Slightly younger than Ackerman, but nevertheless founded in 1859, it does remind us that sparkling winemaking in the tufa caves of Saumur goes back a long way. Another seven cuvées were on show, and this House is making nice wines, most with a lifted, floral character, from the fairly easy going Cuvée Si made by a variation on the Méthode Ancestrale (with just three weeks on lees), to the more complex Cuvée 3/7.7.4.

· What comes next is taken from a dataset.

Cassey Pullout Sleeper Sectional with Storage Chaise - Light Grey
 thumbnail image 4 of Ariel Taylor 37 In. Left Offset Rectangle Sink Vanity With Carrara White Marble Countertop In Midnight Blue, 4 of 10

That strangely named cuvée is made from three grapes: 7 parts Pinot Noir, 7 parts Cabernet Franc and 4 parts Pineau d’Aunis (which explains the name). It’s a Blanc de Noirs. They call it “chiselled”, with reason. There’s red and stone fruits, with a nice berry nose. Pretty, elegant, and savoury on the finish, it probably needs six months to settle but I think it will be impressive. I liked it, anyway.

 

If I want to make a couple of conclusion, I think they would be first, as I said at the beginning, these wines need to be assessed on their own merits, not as some kind of second class Champagnes. But equally, whilst those made using some of the traditional grape varieties of the Champagne region can be very nice, don’t be put off trying some of the interesting wines made using other varieties. Each company at this Tasting produced at least one wine, and in most cases more than one wine, which I think even a reasonably fussy wine aficionado would enjoy.

Many of the producers above are still looking for a UK importer. For further information, contact Business France.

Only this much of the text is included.